A quantidade razoável de gráficas não influi ou reflete na produção e na difusão de livros ou
textos produzidos por escritores ou intelectuais locais.
Numa dimensão histórica podemos considerar que a primeira tipografia instala-se na cidade de
São Pedro do Uberabinha, após 9 anos da independência do Município, ou seja, em 1897.11
A primeira tipografia do Município de São Pedro do Uberabinha foi criada em 1897 pelo Prof.
João Luiz da Silva, considerado também o fundador da imprensa local na qualidade de proporietário
do semanário A Reforma, em 17 de janeiro desse mesmo ano era publicado o seu primeiro número.
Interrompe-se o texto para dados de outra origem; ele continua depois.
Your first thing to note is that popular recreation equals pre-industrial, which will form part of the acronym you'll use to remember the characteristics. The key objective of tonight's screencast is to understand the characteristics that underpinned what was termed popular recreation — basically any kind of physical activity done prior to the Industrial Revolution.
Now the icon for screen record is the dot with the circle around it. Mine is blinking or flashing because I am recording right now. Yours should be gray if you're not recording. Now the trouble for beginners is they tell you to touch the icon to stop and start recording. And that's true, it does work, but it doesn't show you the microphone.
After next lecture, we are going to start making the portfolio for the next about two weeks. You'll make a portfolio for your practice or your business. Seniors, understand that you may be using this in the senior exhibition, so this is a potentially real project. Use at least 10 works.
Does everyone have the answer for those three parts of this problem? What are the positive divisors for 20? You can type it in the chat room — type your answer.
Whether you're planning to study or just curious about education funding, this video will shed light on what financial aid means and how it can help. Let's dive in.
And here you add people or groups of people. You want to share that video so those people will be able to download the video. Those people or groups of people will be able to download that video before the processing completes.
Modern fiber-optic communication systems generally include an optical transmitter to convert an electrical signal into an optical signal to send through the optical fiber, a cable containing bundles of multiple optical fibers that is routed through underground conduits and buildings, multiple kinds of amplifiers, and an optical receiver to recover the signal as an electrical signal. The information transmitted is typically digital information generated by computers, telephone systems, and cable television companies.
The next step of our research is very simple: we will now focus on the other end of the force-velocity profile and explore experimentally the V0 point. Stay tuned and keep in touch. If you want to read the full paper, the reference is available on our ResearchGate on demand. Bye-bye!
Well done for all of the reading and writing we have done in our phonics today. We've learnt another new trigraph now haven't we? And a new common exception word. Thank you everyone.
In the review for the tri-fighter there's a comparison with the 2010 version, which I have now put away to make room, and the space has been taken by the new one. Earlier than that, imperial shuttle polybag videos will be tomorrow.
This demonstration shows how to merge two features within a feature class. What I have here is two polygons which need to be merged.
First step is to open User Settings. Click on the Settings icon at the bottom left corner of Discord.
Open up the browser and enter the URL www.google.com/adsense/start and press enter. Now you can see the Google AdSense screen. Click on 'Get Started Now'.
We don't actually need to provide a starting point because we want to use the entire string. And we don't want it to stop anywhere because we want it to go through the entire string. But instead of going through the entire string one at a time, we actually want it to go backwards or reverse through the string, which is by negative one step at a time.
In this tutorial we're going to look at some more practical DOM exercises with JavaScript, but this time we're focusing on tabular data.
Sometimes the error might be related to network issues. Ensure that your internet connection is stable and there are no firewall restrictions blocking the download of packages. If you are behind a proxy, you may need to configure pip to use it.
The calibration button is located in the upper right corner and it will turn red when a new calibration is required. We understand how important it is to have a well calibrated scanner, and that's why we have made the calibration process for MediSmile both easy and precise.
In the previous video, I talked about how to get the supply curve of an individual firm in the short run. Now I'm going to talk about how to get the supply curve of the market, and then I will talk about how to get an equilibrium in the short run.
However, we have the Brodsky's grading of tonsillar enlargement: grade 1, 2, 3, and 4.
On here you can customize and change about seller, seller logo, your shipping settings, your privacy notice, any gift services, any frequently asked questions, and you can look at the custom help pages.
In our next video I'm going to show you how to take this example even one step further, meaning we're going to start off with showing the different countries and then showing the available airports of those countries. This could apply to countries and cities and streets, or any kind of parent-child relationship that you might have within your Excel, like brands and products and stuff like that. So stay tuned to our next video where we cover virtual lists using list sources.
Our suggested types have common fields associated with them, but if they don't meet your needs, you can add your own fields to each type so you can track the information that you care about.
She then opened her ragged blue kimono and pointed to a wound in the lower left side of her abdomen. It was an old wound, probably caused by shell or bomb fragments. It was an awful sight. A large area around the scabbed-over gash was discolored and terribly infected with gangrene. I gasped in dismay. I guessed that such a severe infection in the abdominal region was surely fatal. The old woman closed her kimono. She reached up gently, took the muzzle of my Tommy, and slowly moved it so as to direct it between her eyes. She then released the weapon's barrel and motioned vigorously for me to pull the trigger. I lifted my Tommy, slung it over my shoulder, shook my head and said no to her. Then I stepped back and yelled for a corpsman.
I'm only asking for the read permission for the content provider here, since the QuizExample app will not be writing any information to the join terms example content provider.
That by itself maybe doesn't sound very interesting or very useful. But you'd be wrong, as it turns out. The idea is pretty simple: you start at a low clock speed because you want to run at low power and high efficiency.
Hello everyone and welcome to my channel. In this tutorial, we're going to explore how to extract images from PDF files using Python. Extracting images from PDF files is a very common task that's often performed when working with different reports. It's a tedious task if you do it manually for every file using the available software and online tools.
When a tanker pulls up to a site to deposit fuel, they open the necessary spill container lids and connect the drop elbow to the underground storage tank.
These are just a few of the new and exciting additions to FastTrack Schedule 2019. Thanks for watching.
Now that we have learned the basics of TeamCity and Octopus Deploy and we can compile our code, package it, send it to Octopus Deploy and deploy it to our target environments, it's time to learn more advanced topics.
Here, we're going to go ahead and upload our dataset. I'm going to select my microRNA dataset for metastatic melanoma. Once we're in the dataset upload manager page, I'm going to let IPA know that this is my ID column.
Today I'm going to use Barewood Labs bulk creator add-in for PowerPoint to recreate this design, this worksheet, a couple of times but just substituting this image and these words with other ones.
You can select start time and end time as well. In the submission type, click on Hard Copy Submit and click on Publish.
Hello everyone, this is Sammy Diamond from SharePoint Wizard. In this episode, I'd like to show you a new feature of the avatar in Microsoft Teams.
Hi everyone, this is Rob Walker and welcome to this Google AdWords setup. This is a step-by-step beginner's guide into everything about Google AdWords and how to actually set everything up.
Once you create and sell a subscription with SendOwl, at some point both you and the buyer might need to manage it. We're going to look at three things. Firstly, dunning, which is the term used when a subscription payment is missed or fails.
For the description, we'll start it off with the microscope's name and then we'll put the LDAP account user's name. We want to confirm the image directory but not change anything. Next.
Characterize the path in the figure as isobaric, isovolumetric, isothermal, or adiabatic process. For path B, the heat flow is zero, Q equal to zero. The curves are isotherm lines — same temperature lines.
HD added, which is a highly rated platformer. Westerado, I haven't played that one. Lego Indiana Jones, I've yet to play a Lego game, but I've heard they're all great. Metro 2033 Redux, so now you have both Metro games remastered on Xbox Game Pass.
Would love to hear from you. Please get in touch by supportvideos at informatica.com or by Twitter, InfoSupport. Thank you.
Em 1898 a tipografia e todo o seu espólio é vendido à Câmara Municipal para impressão de seus
expedientes, o que durou nove anos e permitiu a impressão dos jornais: Gazeta de Uberabinha, Cidade
de Uberabinha e A Semana.12
A relação direta entre a tipografia e o poder público na cidade é inequívoca. A história da
imprensa no Brasil revela também essa questão. Três meses antes da impressão do jornal Gazeta do
Rio de Janeiro em 1808, outro jornal era publicado, o Correio Brasiliense de Hipólito da Costa, que
era impresso em Londres. Bethânia S.C. Mariani assim comenta esse fato:
Estava, assim, organizada uma curiosa concorrência instaurada sobre uma
contradição. No Brasil, a Gazeta do Rio de Janeiro era o resultado da
iniciativa oficial portuguesa, mas na Inglaterra o Correio Brasiliense tinha
um dono particular. Eram dois jornais coexistindo com referências nominais
a um país do Novo Mundo, mas com a quase totalidade de seu noticiário
voltado para Europa.13
A segunda tipografia instalada em Uberabinha pertencia ao jornalista Bernardo Cupertino que
funda o jornal O Progresso publicado de 1907 a 1914.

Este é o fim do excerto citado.